[Previous] [Contents] [Index] [Next]

Disk & File Recovery

This chapter covers the following topics:

Introduction

The QNX filesystem achieves high throughput without sacrificing reliability. Although the filesystem is designed to be as robust as possible, there will always be situations in the real world where disk corruption will occur. Hardware will fail eventually, power will be interrupted, and so on.

The QNX filesystem has been designed to tolerate such catastrophes. It is based on the principal that the integrity of the filesystem as a whole should be consistent at all times. While most data is held in the buffer cache and written after only a short delay, critical filesystem data is written immediately. Updates to directories, inodes, extent blocks, and the bitmap are forced to disk to ensure that the filesystem structure on disk is never corrupt (i.e. the data on disk should never be internally inconsistent).

If a crash occurs, you can use the following file maintenance and recovery utilities:

These utilities will let you determine whether any damage was done to files that were open for writing at the time of the crash. These same utilities can also fix such damage, and in many cases will completely restore the filesystem.

Sometimes the damage may be more severe.
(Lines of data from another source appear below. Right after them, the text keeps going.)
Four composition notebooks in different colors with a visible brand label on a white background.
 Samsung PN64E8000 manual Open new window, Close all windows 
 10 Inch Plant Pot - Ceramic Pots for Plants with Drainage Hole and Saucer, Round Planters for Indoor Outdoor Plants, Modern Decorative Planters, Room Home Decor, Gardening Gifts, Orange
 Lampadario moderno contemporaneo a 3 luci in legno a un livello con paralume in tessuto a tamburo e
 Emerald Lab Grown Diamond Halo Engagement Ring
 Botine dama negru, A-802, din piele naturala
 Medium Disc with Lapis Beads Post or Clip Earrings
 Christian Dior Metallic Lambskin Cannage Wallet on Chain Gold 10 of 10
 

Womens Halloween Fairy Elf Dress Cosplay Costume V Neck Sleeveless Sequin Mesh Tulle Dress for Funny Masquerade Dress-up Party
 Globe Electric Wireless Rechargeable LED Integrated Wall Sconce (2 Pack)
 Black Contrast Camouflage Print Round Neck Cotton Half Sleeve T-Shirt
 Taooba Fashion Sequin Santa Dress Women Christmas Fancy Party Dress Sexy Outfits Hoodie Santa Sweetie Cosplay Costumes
For example, it's possible that a hard disk will develop a bad block in the middle of a file, or worse, in the middle of a directory or some other critical block.

Again, the utilities we've provided can help you determine the extent of such damage. You can often rebuild the filesystem in such a way as to avoid the damaged areas. In this case, some data will be lost, but with some effort, a large portion of the affected data may be recovered.

Making a recovery floppy

You should always have a recovery floppy on hand if, for whatever reason, a machine won't boot from hard disk.


Note: This procedure applies only to QNX systems that were shipped on diskette. If your QNX system came on CD-ROM, refer to the technote in /etc/readme/technotes/qnx_install, which documents a script for creating a boot floppy.

Before you begin, make sure that you're logged in as root and that Fsys.floppy is running.

Now follow these steps:

  1. Insert a QNX boot disk in your floppy drive.
  2. Copy the image to a temporary file on your hard disk:
    dd if=/dev/fd0 of=/tmp/floppy_image
  3. Insert a blank floppy in the drive. Format the floppy:
    fdformat -k0 -z2 /dev/fd0
  4. Copy the image (from your temp file) to the floppy:
    dd if=/tmp/floppy_image of=/dev/fd0
  5. Run dcheck to check the new floppy:
    dcheck /dev/fd0

    If this fails, retry steps 3 and 4 (fdformat and dd); if it fails twice, try a new floppy.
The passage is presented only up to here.